Thanks, yeah the roofing crew already said they wouldn't put it back which is fine with me. I just need to figure out the timing to call DTV to have them send someone out for a reinstall.


----------



## balboadave (Mar 3, 2010)

I haven't had a sat signal for over 4 months (major house renovation) and can still watch my recordings. You'll have no problems.


----------



## Jive Turkey (Sep 6, 2011)

It seems like several people have had different outcomes with this. For me, I was able to watch channels except for the local ones that I recorded via AM-21. Those would give me a "not authorized" message.


----------



## Drew2k (Aug 16, 2006)

My understanding is that if you lose power to the DVR, it will not go past the satellite error message if it can't find a signal. Heed the warning up thread to keep the DVR on UPS if you are disconnecting the satellite!


----------



## balboadave (Mar 3, 2010)

Drew2k said:


> My understanding is that if you lose power to the DVR, it will not go past the satellite error message if it can't find a signal. Heed the warning up thread to keep the DVR on UPS if you are disconnecting the satellite!


You're right, it doesn't go past the error message. But then you press the List button. Voilà, your recordings are ready for viewing.


----------



## Drew2k (Aug 16, 2006)

balboadave said:


> You're right, it doesn't go past the error message. But then you press the List button. Voilà, your recordings are ready for viewing.


Very cool. Information the OP may need to know!


----------



## ThomasM (Jul 20, 2007)

Drew2k said:


> Very cool.

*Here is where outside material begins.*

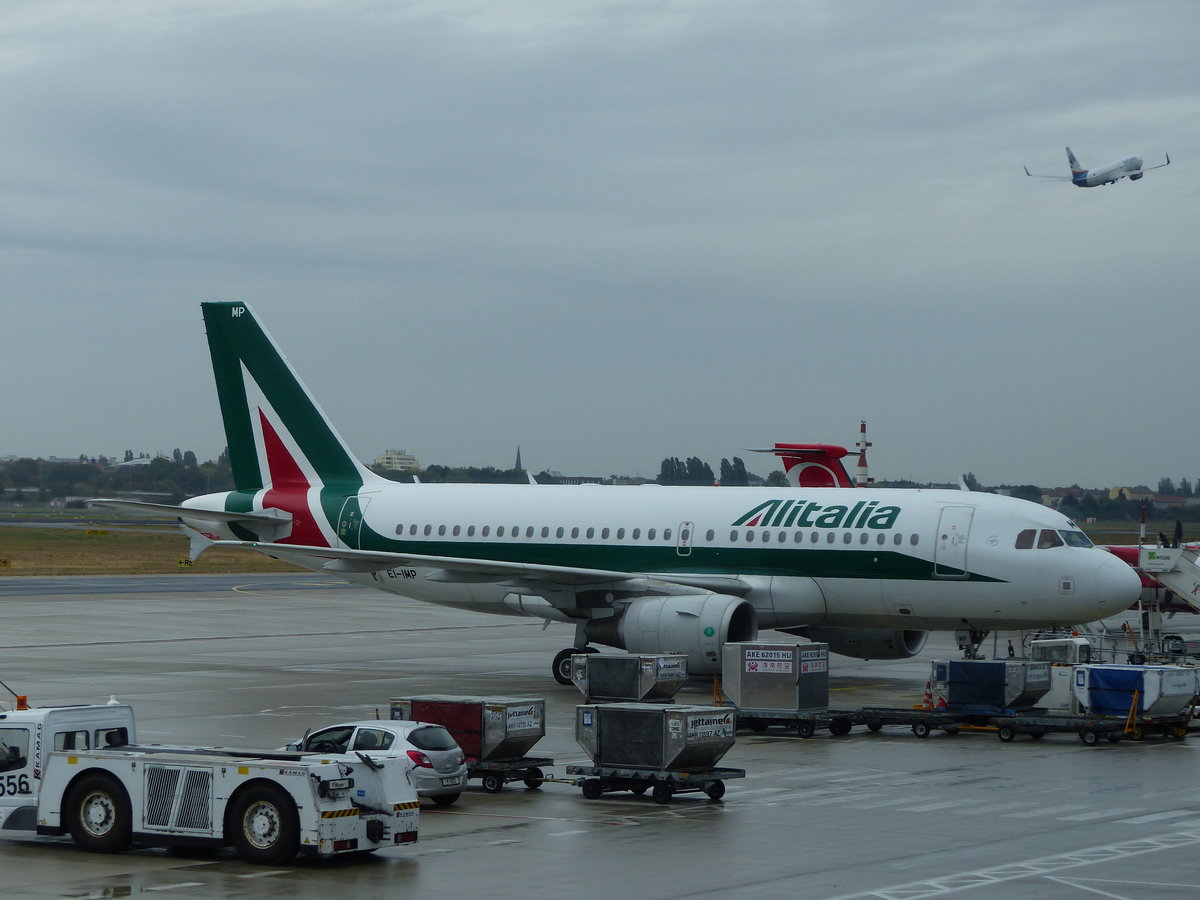 Airbus A319-111, EI-IMP, Alitalia, Berlin-Tegel (TXL, 1.10.2016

Information the OP may need to know!


I remember in "the good old days" you could watch recordings for months and months without a satellite signal but the current software doesn't allow that anymore. The big question is HOW LONG you can actually view recordings.

I think it varies depending on the model of the receiver. And I also think it makes a big difference if the receiver is powered down AFTER it loses the satellite signal. It may just think there is a temporary outage if it's not powered down, but if it IS powered down, it KNOWS there is no satellite signal for a different reason.

Maybe having an internet connection (but no satellite signal) makes a difference too, since the receiver can then verify that it is on an active account and what channels it should be authorized for.


----------



## Rich (Feb 22, 2007)

Drew2k said:


> Very cool. Information the OP may need to know!


I just shut down one of my 24-500s and removed the sat coax. After it booted up and couldn't find the signals, I hit the List button and got nothing but a "bong".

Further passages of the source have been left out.